Last known location: somewhere in Arizona

Name: Dustin

Description: Native American male, age aprox 30. Has multiple scars on arms from burning and cutting himself. May be in prison. Dudes a lifelong friend of mine and I haven't spoken to him for about ten years. Lost touch when I got locked up. Any help ?


----------



## Kim Chee (May 20, 2016)

If I do know him, I would have a hard time telling a stranger.

tldr: wtfru?


----------



## Tude (May 20, 2016)

Any more info my friend? Have any pics, last known time of contact or destination perhaps? Hope ya find him


----------



## WanderingSpirit (May 21, 2016)

Well I'm not about to give put personal details on the Internet. I would hope if u know him you could point him to this website or tell him he has friends back in reading pa area.
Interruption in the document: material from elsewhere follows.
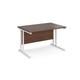 Office Desk | 1200mm Rectangular Desk With Cantilever Leg | Walnut Tops With White Frames | 800mm Depth | Maestro 25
Met him about 15 years ago getting a a freight in West lawn pa, lived with him in reading pa area for 5 years. When I do a Google search of his name I find current crime reports on Arizona but no mugshot to be sure


----------



## WanderingSpirit (May 21, 2016)

In case a tech savvy person can find more than me his name is dustin jack stoudt


----------



## Al 1972 (Dec 14, 2017)

WanderingSpirit said:


> In case a tech savvy person can find more than me his name is dustin jack stoudt


His name is Voodoo. I last saw him in Somerset Pa a few years back. Great guy.


----------